Stack Allocated: February 2013

Wednesday, February 20, 2013

Halting problem

The question posed by the halting problem is: Given an arbitrary program from a turing complete system and an input for that program, determine if the program yields output or if it processes the input forever, never yielding output.

Named the halting problem because we are trying to decide if the program halts (yields output).

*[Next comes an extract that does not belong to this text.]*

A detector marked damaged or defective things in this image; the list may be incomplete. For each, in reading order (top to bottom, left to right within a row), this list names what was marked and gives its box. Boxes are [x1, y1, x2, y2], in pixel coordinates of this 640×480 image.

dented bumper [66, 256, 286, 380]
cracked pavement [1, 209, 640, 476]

The halting problem is not decidable. That is to say that using turing complete systems, it is not possible to create a program that is able to examine arbitrary programs and decide if they halt or not for a given input. Unfortunately, the proof is a proof by contradiction, so there's not really a lot of insight as to why the halting problem cannot be answered. But it is a useful exercise in understanding the types of thinking that come up when analyzing a rule system. You may think a set of rules sound just fine, but someone clever may be able to subvert your entire system.

The first thing to consider is a program that doesn't halt. In lambda calculus this would look something like this:

( λ x . x x ) ( λ x . x x )

Okay, so the second ( λ x . x x ) is fed into the first ( λ x . x x ). The second ( λ x . x x ) then becomes "x". So every instance of x needs to be replaced by ( λ x . x x ). And the result is:

( λ x . x x ) ( λ x . x x )

The exact same thing that we started with. And then we do the same thing again and again. This process continues forever. This is a program that doesn't halt.

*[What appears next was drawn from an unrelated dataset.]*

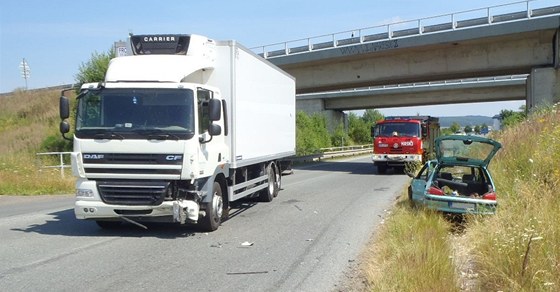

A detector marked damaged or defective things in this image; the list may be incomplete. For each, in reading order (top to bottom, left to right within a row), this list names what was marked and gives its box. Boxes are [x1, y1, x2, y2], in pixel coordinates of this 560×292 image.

Next, let's define what the interface for a halting problem function would look like.

halt?( input, program ) -> true if the program halts with input, false otherwise

It's a function that takes a program and the target input as parameters and then it returns true or false depending on whether or not the program halts given that input.

A naive implementation of this function might look something like:

function halt?( input, program )

if program( input ) then

return true

else

return false

end

This will work perfectly if the program does in fact halt on the input. But if the program does not halt on the input, then our halt? function will also never halt. So we'll never get to return false. Whatever, the halt? function does, it can't actually do it by running the program and seeing what the result it. It needs to do some sort of more sophisticated analysis. However, this more sophisticated analysis turns out to be impossible (for arbitrary programs at least). Let's consider the following function:

function G( input )

if F( input, input ) == false then

return false

else

( λ x . x x ) ( λ x . x x ) // ie loop forever

end

The function F is to be considered as potentially any function that takes two inputs and returns true or false.

Now let's see what kind of behavior the G function has when we pass it itself.

G( G )

Well, it really depends on what the behavior of F is right? Fortunately, F either returns true or it returns false, so we can define the G function's behavior piecewise.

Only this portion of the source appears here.